In May or June 1976, a few weeks after coming to the US, I turned on the TV in the house where my family was staying, and froze in place.
On the screen, a unicorn dog snarled out out of a box while people in colorful uniforms discussed it. I understood none of them, speech parsing being still beyond me though I had taken English in school, until this pointy-eared character opened up, and miraculously, what he said made sense!

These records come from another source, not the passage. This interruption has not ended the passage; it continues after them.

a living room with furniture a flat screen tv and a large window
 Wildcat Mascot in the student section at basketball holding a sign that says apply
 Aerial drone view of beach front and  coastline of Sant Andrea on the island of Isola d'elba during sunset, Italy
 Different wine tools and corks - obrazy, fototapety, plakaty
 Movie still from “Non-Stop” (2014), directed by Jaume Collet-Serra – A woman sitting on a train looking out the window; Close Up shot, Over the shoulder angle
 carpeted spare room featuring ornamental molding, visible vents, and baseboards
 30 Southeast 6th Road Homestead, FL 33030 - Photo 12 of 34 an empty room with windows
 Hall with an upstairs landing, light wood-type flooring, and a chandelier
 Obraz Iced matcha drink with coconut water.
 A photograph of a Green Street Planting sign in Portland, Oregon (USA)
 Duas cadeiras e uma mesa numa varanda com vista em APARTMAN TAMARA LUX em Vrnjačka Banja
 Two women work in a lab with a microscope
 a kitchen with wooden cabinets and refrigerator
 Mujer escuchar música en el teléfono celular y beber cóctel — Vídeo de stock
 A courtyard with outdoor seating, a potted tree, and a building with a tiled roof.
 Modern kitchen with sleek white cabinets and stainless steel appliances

Yes, Leonard Nimoy's perfect diction and deliberate delivery made Spock the first TV character I could actually understand, and one of the very few people I could understand in English without them making an effort to slow down. So I became a Star Trek fan, never missing a 6 PM rerun on New York Channel 11, first on a B&W set picked up from someone's discard pile on Ocean Parkway, then a color TV given by someone who upgraded to a better model, and as the summer went on, more and more made sense, first what others said to Spock, then the rest of the story, then commercials and other shows, and by the time I went to high school in September I could actually hold a conversation in English.
Allegedly, I speak it reasonably well now. If so, I owe it to Spock. Leonard Nimoy _is_ Spock, he said so himself. Ergo, I owe Leonard Nimoy.
I always said I'd thank him, some day. Graduating Brooklyn Tech didn't seem enough of an occasion. Neither did finishing Princeton, UConn medical school, getting my medical license, getting my kids hooked on Star Trek, getting published. Always behind it was the arrogant hope that some day I'd shake his hand as an equal. Legend to legend.
Ain't gonna happen.
I'm thanking you now, Mr Nimoy. I'm thanking Nichelle Nichols and George Takei and Walter Koenig for showing me that space is big enough for everyone. I owe David Gerrold and D. C. Fontana and Harlan Ellison and all the others who taught me how to tell a story people could care about. I'm thanking Brian Todd for the loan of David Gerrold's book 38 years ago, that I never returned, and must have read 20 times before I understood all of it. STAR TREK didn't change my life; it rebooted it.
I still hope to shake your hand some day, Mr Nimoy. If only to say I meant every word of this.